第11話「雨の再会… フォーリング・レイン」
私が初期の「Gガン」に惹かれたのは、先にも書いたように作品全体に漂う「悲壮感」だった。戦闘シーンの音楽にも代表されるように、戦いの中にものすごく辛い悲しみと怒りがにじみ出ているような。涙こそ見せていないけど、泣きながら闘っているような感じ。あとで「拳が泣いている・・」という表現も出てきたけど、まさにそれ。
今回の話数はレインの過去の恋人の話ですが、二つの道があって選択しなければならないときに、ひとつ間違えたために運命が狂った・・というのはよくある話で、その時点では何を選ぶべきなのかというのはわからないものです。あとから思いだして、あの時、こうしていれば・・と思うのが関の山。
レインに裏切られたと思ったセイットはガンダムファイターの道を選び、デビルガンダムと遭遇して、DG細胞を取り込んじゃうわけだけど、彼が意識を失った瞬間に暴れたり、レインを殺そうとしたりするのには、深層意識の奥にレインへの憎しみがあったからに他ならない。彼を4方から縛り付けるようにのびてくるデビルガンダムのコードは、悲しみと怒りに操られるセイットの気持ちを如実に表現したとも言えます。闘うべき人じゃなかったのに、闘うことになってしまった彼の悲劇。
それはドモンの置かれた立場とも、微妙にリンクして、彼の闘う理由だって「愛する人々に裏切られたから」「裏切られたと思っているから」に他ならない。

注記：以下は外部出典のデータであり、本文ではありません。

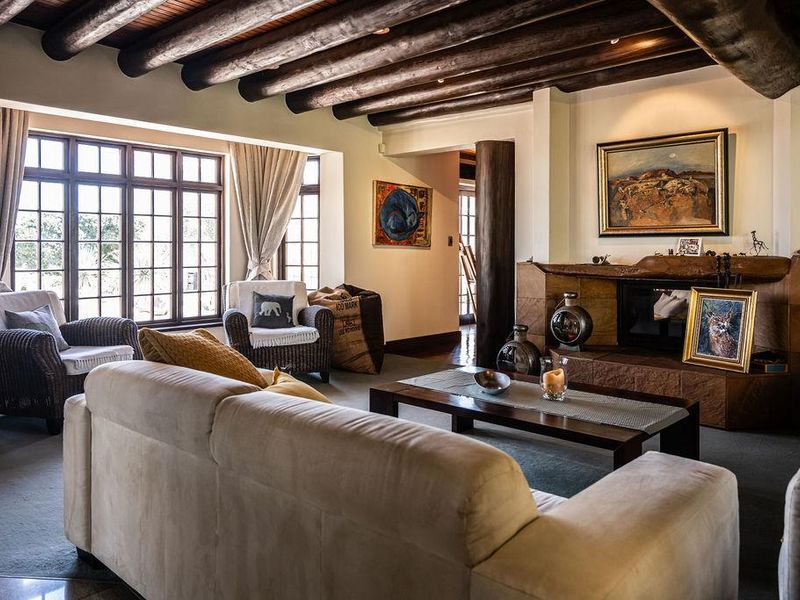 FOR SALE- MASSIVE 3 BEDROOM HOUSE WITH SEPARATE FLAT IN KRAMERSDORF, SWAKOPMUND, NAMIBIA - Photo 4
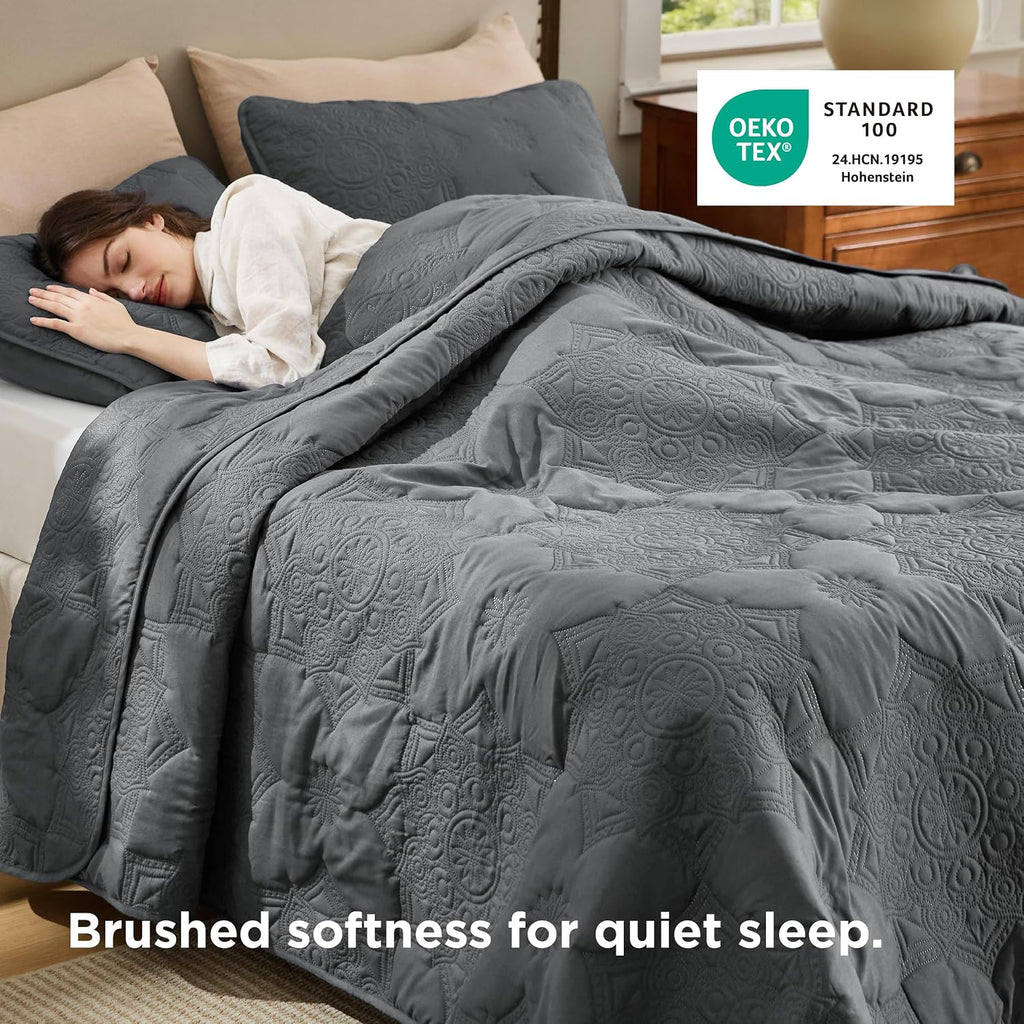 Bedsure King Size Quilt Bedspread, Thin Comforter, Drak Grey Coverlet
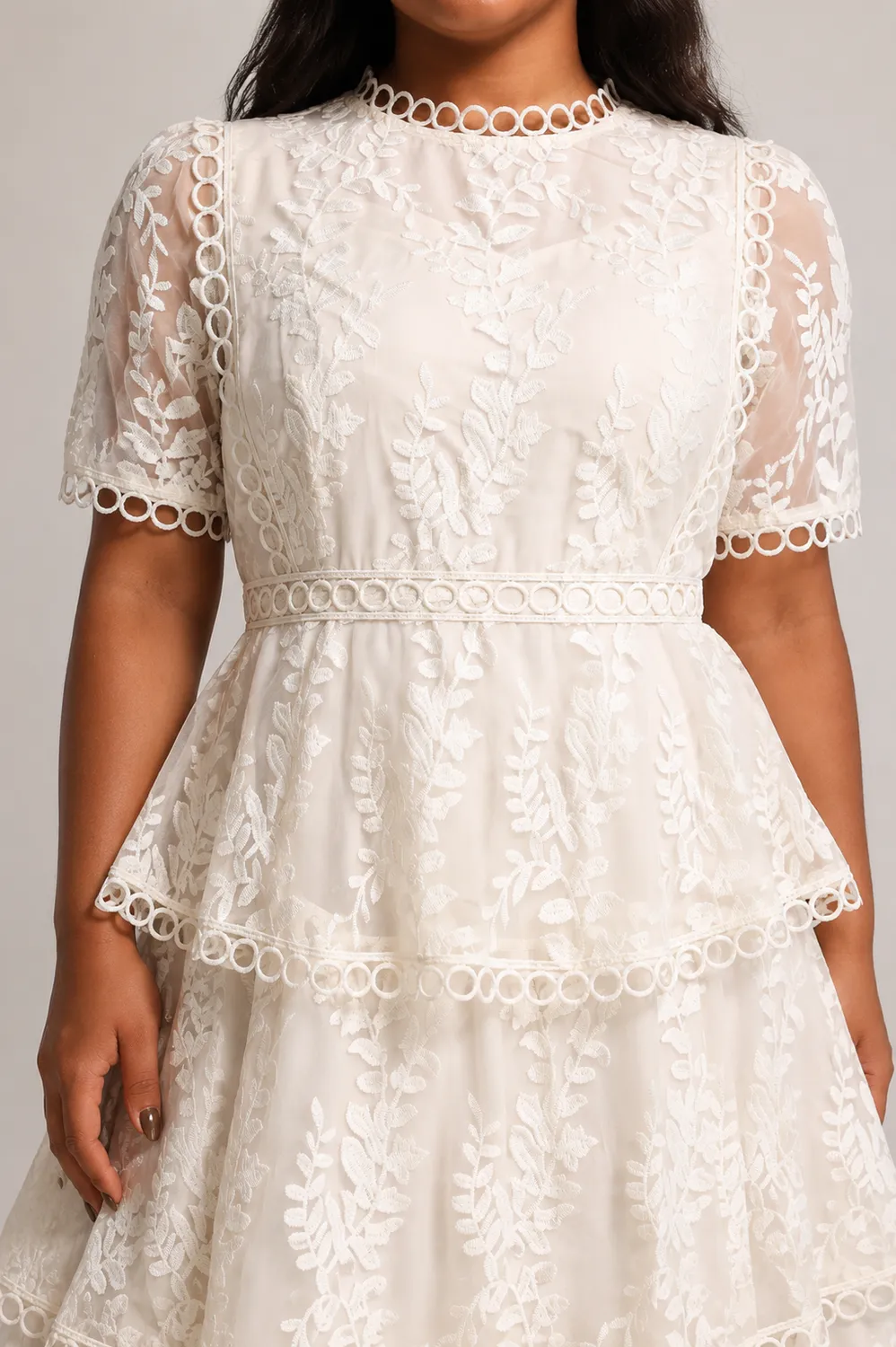 Bella Barnett Yedda Abito Beige M lungo ricamato floreale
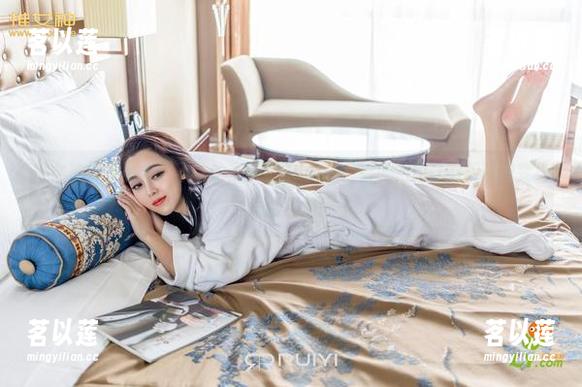 推女神 - 无圣光照不住的王婉悠Queen：看她如何让制服瞬间变身美图女神！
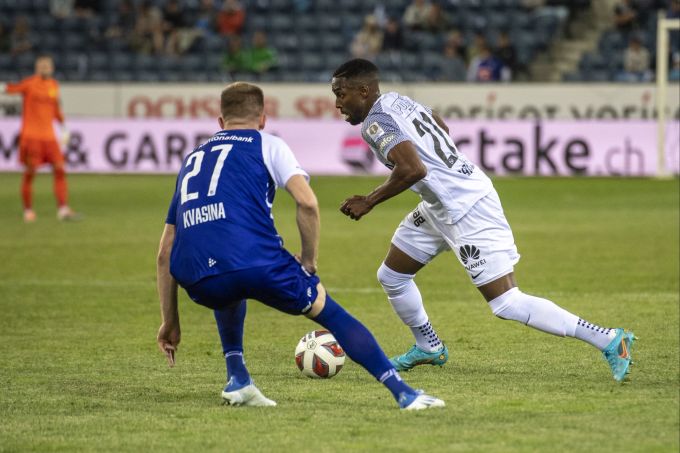 Ulisses Garcia (YB) gegen Marko Kvasina (FC Luzern). FC Luzern YB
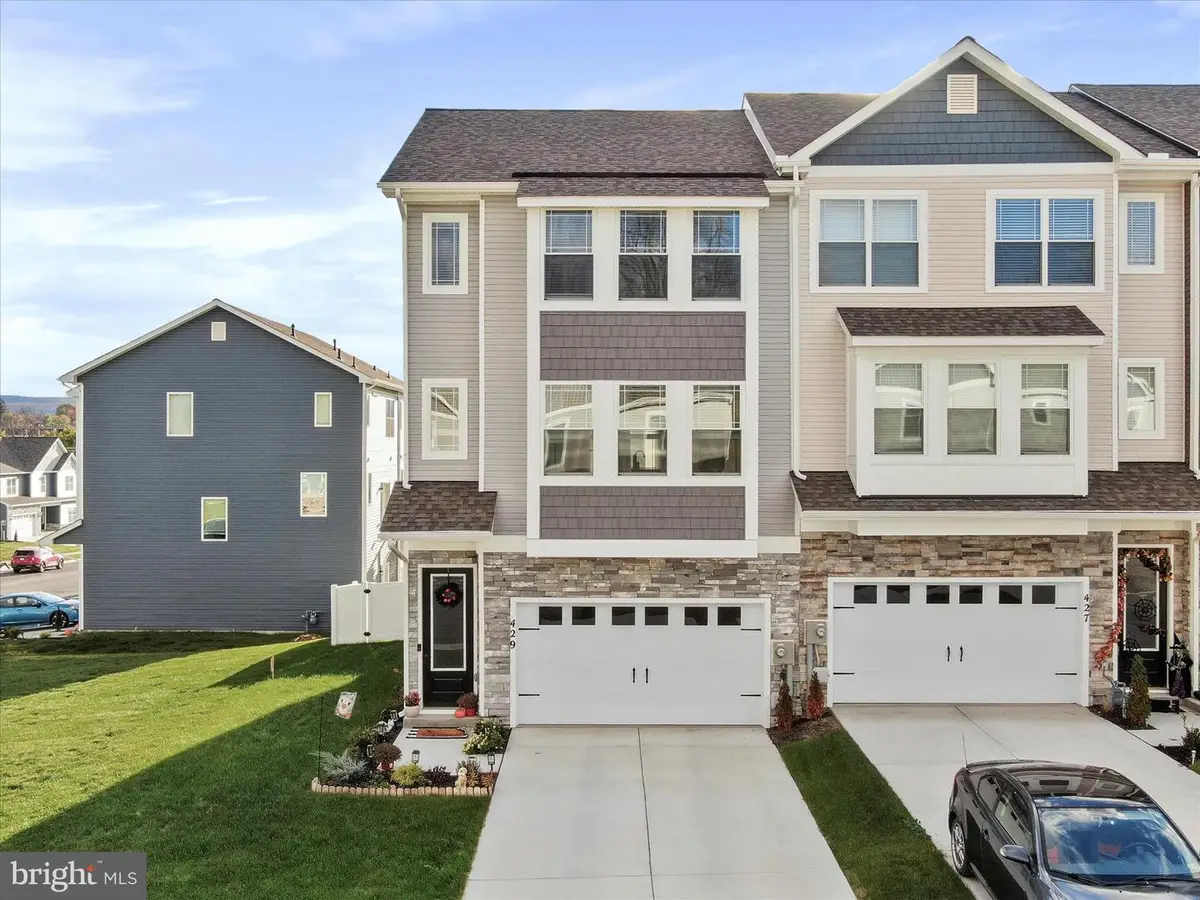 429 Abigail Ave, Waynesboro, PA 17268 - Image #1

そんな二人が闘うときに、悲壮な音楽がこれでもかと流れていく。
ラストシーンには太陽の光が射し込んで、ドモンとレインの行方を照らしているけど、セイットは残されたままだし、過去はどうしたって変えることができない。そういう哀しみを内包しているからこそ、私はこの作品を支持したいと思うのです。